Supplied data:
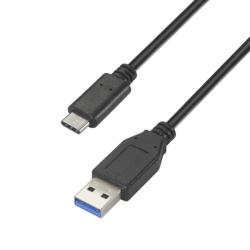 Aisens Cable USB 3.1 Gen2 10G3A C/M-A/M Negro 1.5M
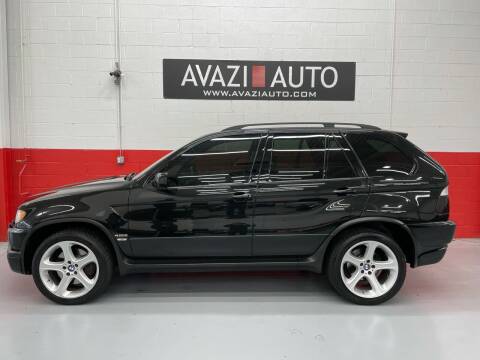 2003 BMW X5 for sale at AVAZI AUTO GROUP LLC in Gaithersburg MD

* * *

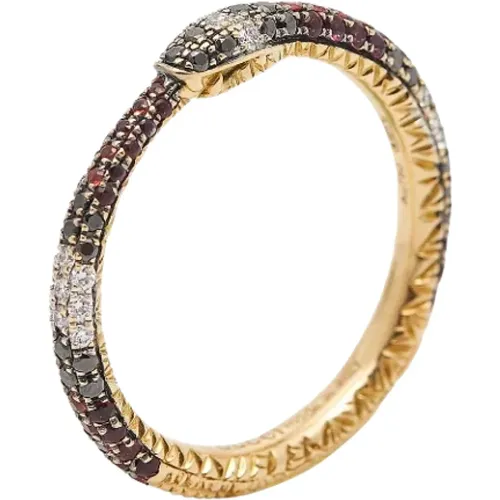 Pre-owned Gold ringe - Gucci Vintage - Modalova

---

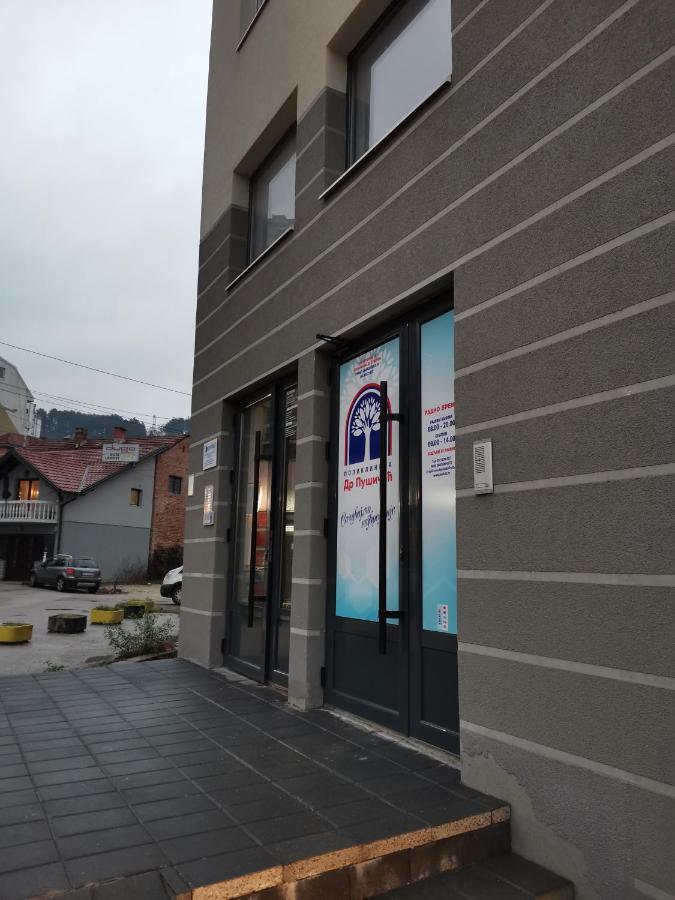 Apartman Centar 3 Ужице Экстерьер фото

The problem:
Reproduce the entries exactly, from the line with "Aisens Cable USB" to the line with "2003 BMW X5", both lines included, keeping no pictures.

Result of this exercise:
 Aisens Cable USB 3.1 Gen2 10G3A C/M-A/M Negro 1.5M
 2003 BMW X5 for sale at AVAZI AUTO GROUP LLC in Gaithersburg MD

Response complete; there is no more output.